Torsten Schlett defended his Master Thesis on: Enhancement of 3D-Data for Face Recognition

Torsten Schlett defended his Master Thesis on: Enhancement of 3D-Data for Face Recognition

Face recognition can benefit from the utilization of depth data, including for presentation attack detection purposes. This work begins with an overview of inexpensive “consumer” depth cameras. Depth video output from these devices can however contain defects such as holes, as well as general depth inaccuracies.

Therefore the primary part of this work researches a variety of depth enhancement methods, divided into two categories: General enhancer types stemming from RealSense SDK post-processing filters, which are not specifically designed to enhance facial depth input. And deep learning enhancers, which are artificial neural networks using U-Net-like architectures that were created as part of this work. All enhancer types exclusively use depth data as input, which differs from methods that enhance depth based on e.g. visible light color data.

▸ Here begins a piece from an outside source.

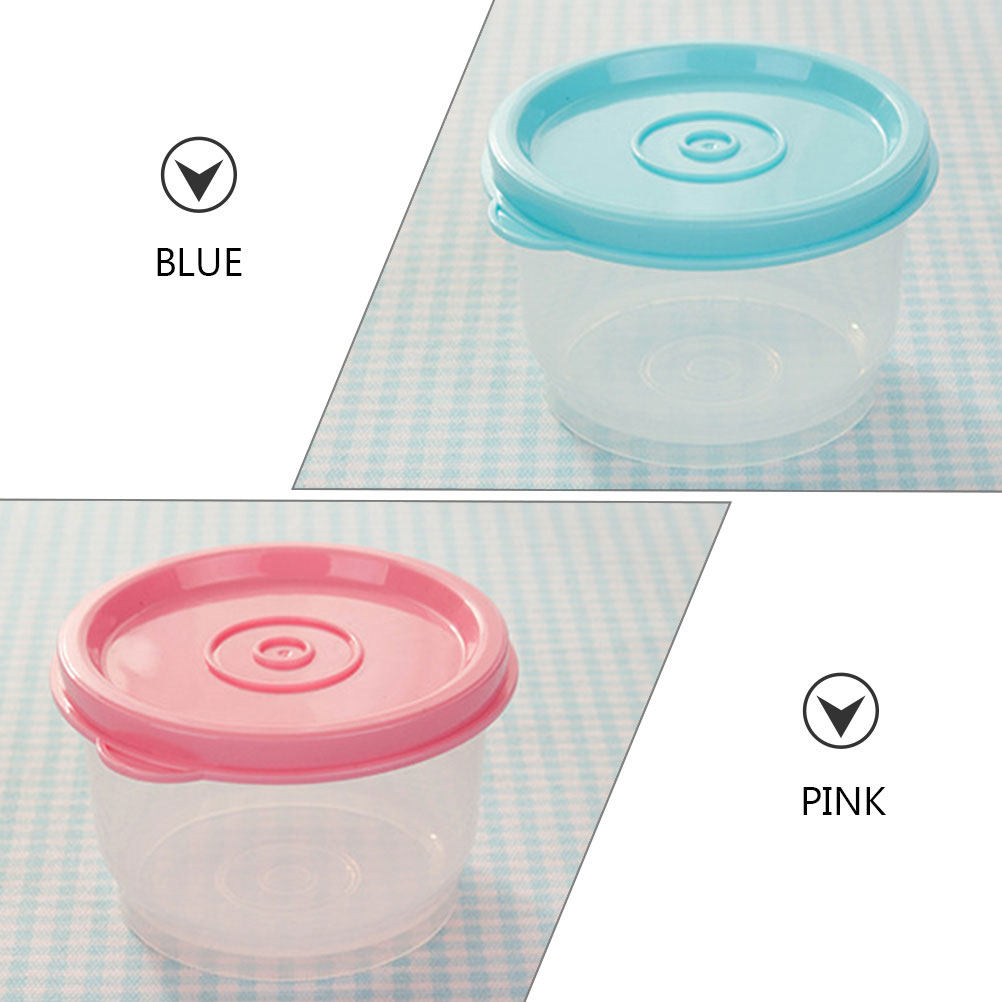 5 stuks voedselbewaarbakjes, l - Food Snacks For Toddlers recensie en prijs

Due to the noted apparent lack of real-world camera datasets with suitable properties, face depth ground truth images and degraded forms thereof are synthesized, both for the deep learning training and for an experimental quantified evaluation of all enhancer types. Enhancer output samples are nevertheless also presented for real camera data, namely custom RealSense D435 depth images and Kinect v1 data from the KinectFaceDB, with special attention given to the description of both devices. It is concluded that the deep learning enhancement approach is superior to the tested general enhancers, without overly falsifying depth data when non-face input is provided. Furthermore it is extrapolated that, given a finite amount of additional development time, more optimized deep learning network architectures and training procedures can still be achieved, whereas “hand-crafted” enhancement methods are less likely to attain comparable or better results in the same timeframe. The implemented system, which i.a. incorporates PRNet-usage for the ground truth synthesis, is described in detail for potential future work, for which a number of different topical options are proposed.